Bailey Richardson has looked at community from two sides: she’s intimately familiar with the businesses approach. She helped build community at Instagram: she was one of the photo app’s 13 employees at the time it was acquired by Facebook for $1 billion. She also studies and supports grassroots and nonprofit organizers through her work at People & Co., a consultancy that guides groups of all sizes on how to build and support community. She and her People & Co. cofounders, Kevin Huynh and Kai Elmer Sotto, put their best practices into a new book, Get Together, which Richardson bills as a practical guide for helping people come together. She recently spoke with Fast Company about what businesses can learn from community organizers, and vice versa. (The conversation has been edited for length and clarity.)
Fast Company: There’s a perception that grassroots communities spring up out of a shared sense of purpose. But your book suggests it isn’t quite so random.
Bailey Richardson: One of the things that we heard over and over again in doing interviews with people who started communities, and in particular, more grassroots ones, is: “this was not strategic, this was not planned, it just happened.” But the reality is that you start to see patterns of behaviors. After I left Instagram, I wondered whether what we did at Instagram was replicable. And I started out reaching out to people in jobs that were quite similar to mine, a community manager at YouTube, the first community manager for Google Hangouts, the first community manager for SoundCloud. And in those conversations I started to realize that, in fact, we had done some of the same work. And we started wondering whether there were steps that could be as valuable for a grassroots organizer as they are for someone who’s working with an online forum.
FC: Why did you write the book?
BR: I couldn’t find [a book that provided] clear practical steps about how to organize the community, along with inspiring stories. This is the book that I wish I had when I was working at Instagram in the early days. I tried to do research on people in groups that hadn’t been through what we were going through, and I couldn’t find anything but [case studies about] CrossFit and Harley Davidson. I’m a queer woman, and I just felt like we could do a better [job] providing a source of inspiration for people . . . with stories that are diverse and [show] different kinds of communities.
FC: Harley Davidson and CrossFit are interesting examples, because those are communities that can border on cult-like followings. What distinguishes community from cult?
BR: I think a cult traditionally has one leader and a hierarchical structure. The reason why I’m interested in communities is that they’re less like a prix fixe dinner and more like a potluck, a truly more collaborative and democratic nonhierarchical way for groups of people to work together. Businesses that are doing this well in my mind are those [willing] to give up an element of control and have to trust their customers, their partners, their collaborators, their users. And that to me is very exciting.
FC: Why are communities so important these days, especially when so much of life is lived online?
BR: They make businesses more ethical and more in touch with their customer bases.
FC: What are some of the lessons that business leaders can take from the grassroots communities, and how can you apply these lessons to a more traditional and, by definition, more hierarchical business structure.
BR: The number one fear for someone who’s organizing a club or a user community is that no one will show up. The [advice] we offer people is, Don’t just speak to a faceless audience, really find people who have a deep passion, and do personal outreach to make sure that those people feel a part of whatever you’re starting. You just have to actually get out and start getting people together. But the main message that is really specific to businesses is that community management or community development is that it’s not about managing people, controlling people.
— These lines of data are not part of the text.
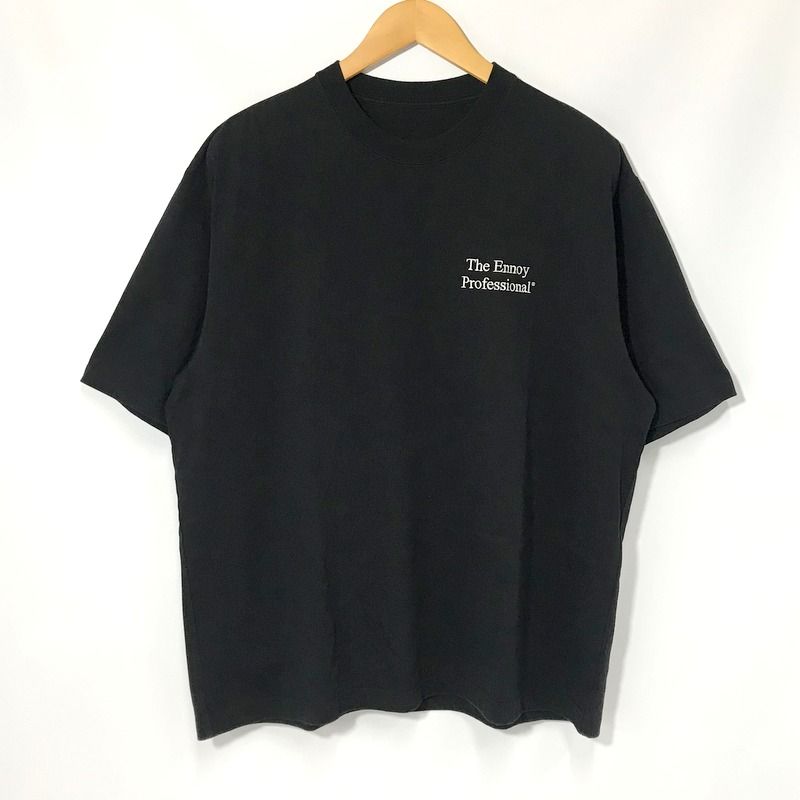 The Ennoy Professional T-Shirt 黒Mサイズ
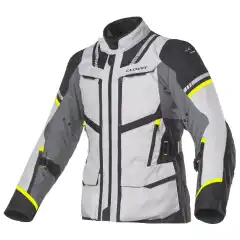 Clover Savana-3 - vanntett MC jakke med uttagbar vanntett membran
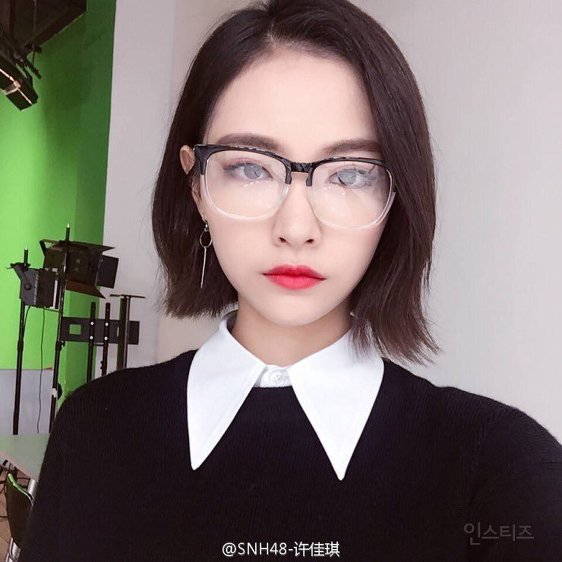 단발이 신의 한수가 된 중국 아이돌 | 인스티즈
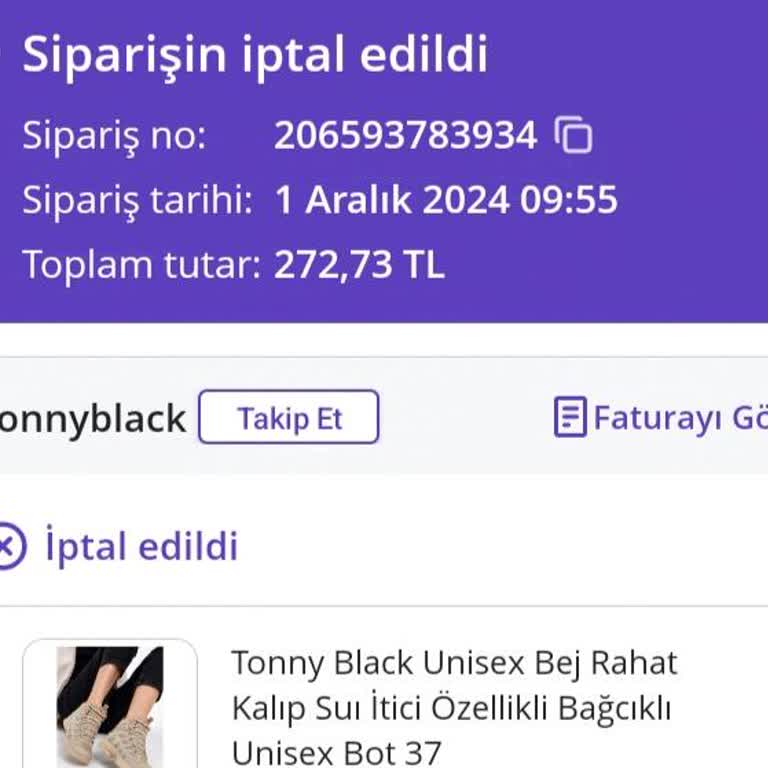 Yağmurlu Günlerde Mağdur Eden Sipariş İptali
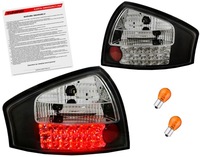 фото thumb №1, Audi a6 c5 97-04 sedan лампи діодні зад led чорний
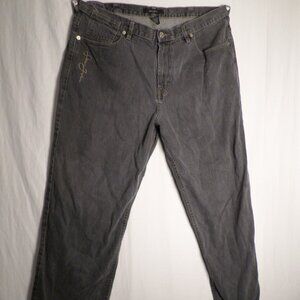 Vintage Sean John Grey Denim Mens Jeans Sz 38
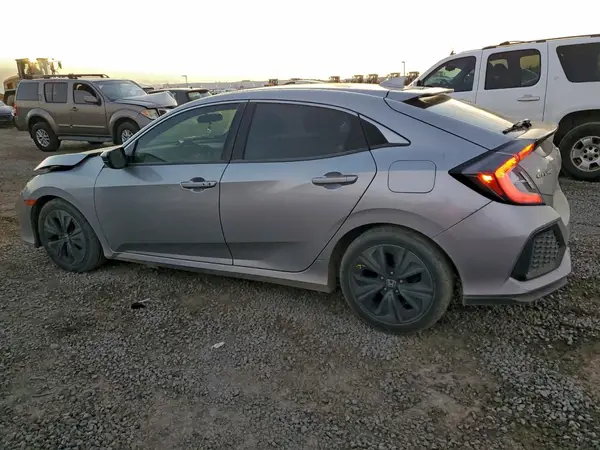 SHHFK7H57JU432468 2018 HONDA CIVIC - Image 2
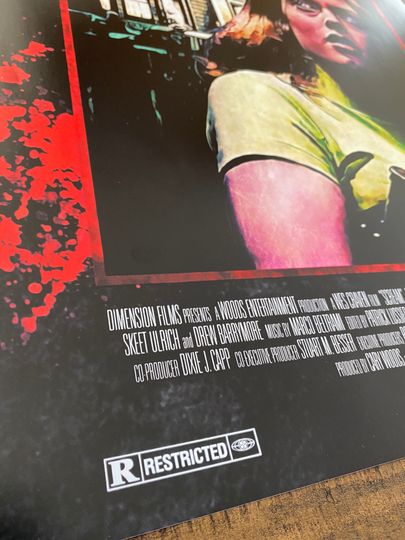 Scream 1996 Movie poster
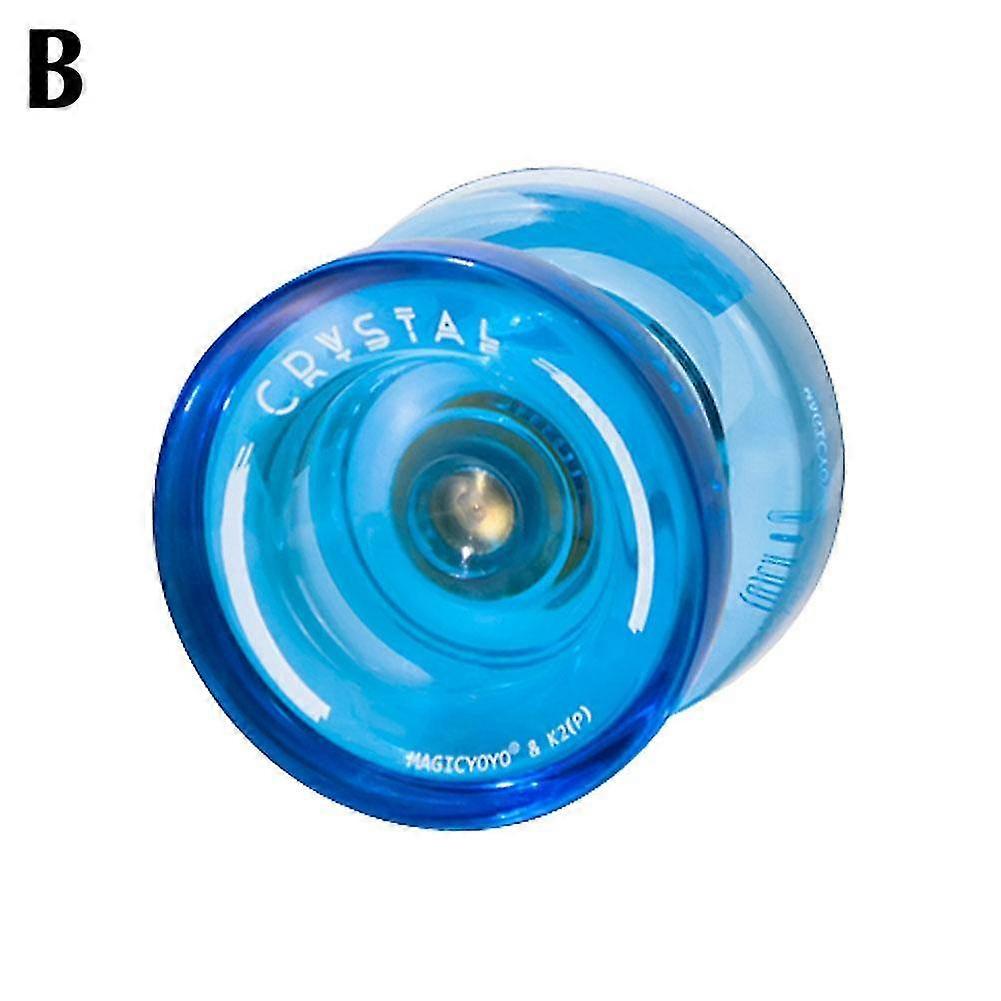 Suitable for Yoyo - Magic Toy, Transparent, Colorful, Classic Ball for Beginners-JC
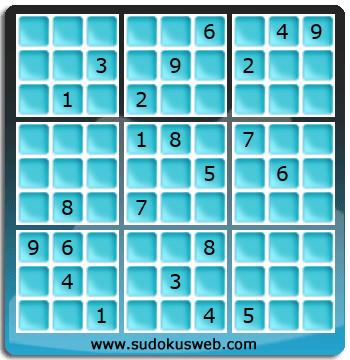 Sudoku von Fachmännischer höhe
It’s about developing leaders. Building a group, a community is—at its core—leadership development.
FC: What can community leaders learn from the business world?
BR: I play basketball on woman’s basketball team here in New York that is specifically for women who are bad at basketball. That format—of taking the competition out of it—is so remarkable and so special, and it really brings the best out of people, [especially] in New York in this very competitive environment. We all just go and goof off and have fun. [The person] who runs it never has once thought about teaching someone else in another city to [create a similar project]. But I think: How can I make this into a template [that would work for] someone else far away for me? Businesses are very good at creating those processes, documenting things, and having divisions and scale. And I think there are some things that people are doing for pure passion locally to make sure they feel more connected. But they don’t have that sort of business audacity to think about how they might grow and scale it.